As for patient characteristics, there were 76 men (75.2%) and 25 women (24.8%), with a median age of 65 years (range, 34 to 84). The median tumor diameter was 8.0 mm (range, 1 to 50). As for the macroscopic appearance, 30 lesions (27.3%) protruded, 65 (59.1%) were flat, and 15 (13.6%) were depressed. As for the histological atypia, 44 lesions (40.0%) were LGIN, 59 lesions (53.6%) were HGIN, and 7 lesions (6.4%) were IC. The median diameter of 7 lesions diagnosed to be IC was only 8.0 mm (range, 5 to 50).
Classification of duodenal epithelial tumors
Duodenal epithelial tumors were classified into 2 groups according to their mucin phenotype: 98 (89.1%) intestinal-type tumors and 12 (10.9%) gastric-type tumors. Tumors with CD10-positive brush borders of the intestinal epithelium were classified as intestinal-type tumors. MUC2 staining was used to label goblet cells, but the results were difficult to evaluate owing to large differences in the amounts of goblet cells among the intestinal-type tumors. Intestinal-type tumors were subdivided into 2 groups: 91 (82.7%) tubular-type tumors, which had small tubular glands composed of absorptive epithelium, and 7 (6.4%) tubulovillous-type tumors, which had a villous structure composed of absorptive epithelium. On the other hand, tumors that were composed nearly entirely of epithelium with MUC5AC-positive gastric mucin phenotype were classified as gastric-type tumors. Gastric-type tumors were classified into 2 types: 3 (2.7%) foveolar-type tumors, with a phenotype resembling that of the gastric foveolar epithelium, and 9 (8.2%) pyloric gland-type (PG) tumors in the duodenum, with a phenotype resembling that of gastric pyloric glands (Figs 2–5). Table 2 and S1 Table show the clinicopathological characteristics of each type of lesion.

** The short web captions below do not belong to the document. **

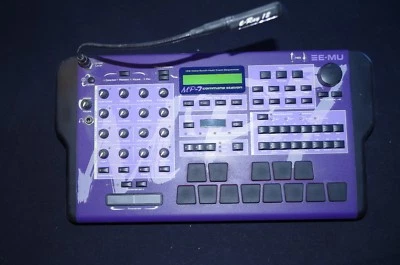 Emu MP7 Command Station - Bild 1 von 2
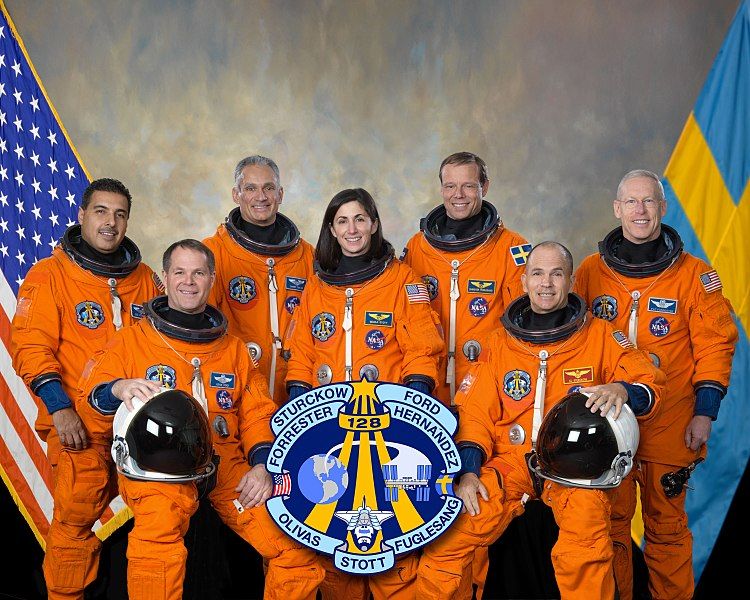 File:STS-128 Crew Photo.jpg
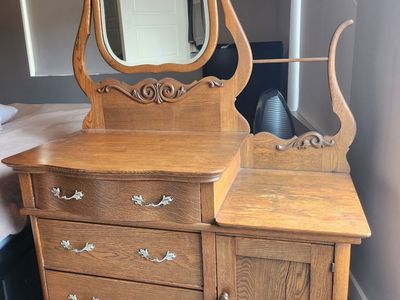 Solid oak antique dressing table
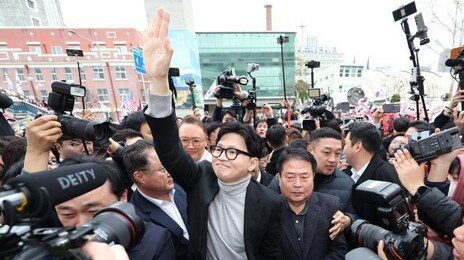 국힘 당권파, 친한계 8인 윤리위 제소…“한동훈과 대구 동행”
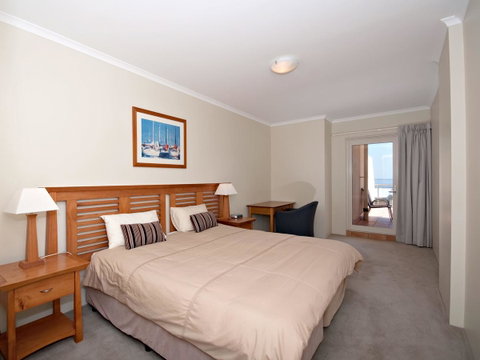 Messines Street, Breakwater Apartment, 104 - ACT Tourism 5
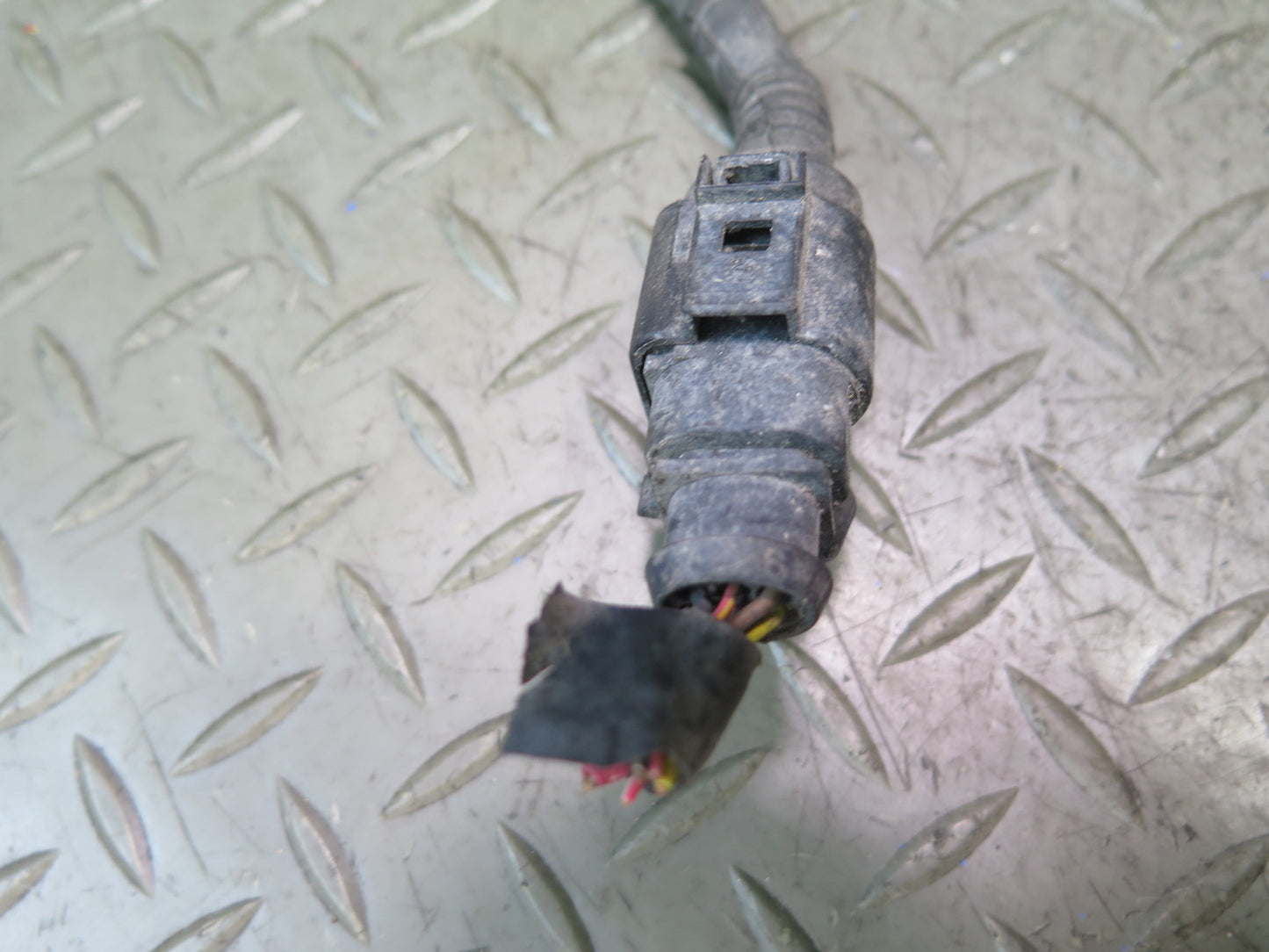 2008-2010 Porsche Cayenne 957 Front Left or Right Wheel ABS Sensor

(A) A hematoxylin and eosin (HE)-stained image. Many tumors were flat and had a tubular structure. (B) Mucin phenotype of tumor (MUC5AC). Among 91 lesions, scattered MUC5AC-positive cells were seen in 70 lesions (76.9%). (C) Mucin phenotype of tumor (MUC6). Same lesion as that shown above in B. Some tumor cells were positive for MUC6. Positivity for MUC6 was also seen in Brunner’s glands. (D) Immunohistochemical findings of tumor (CD10). Most tumor cells, excluding MUC5AC- and MUC6-positive cells, were positive for CD10.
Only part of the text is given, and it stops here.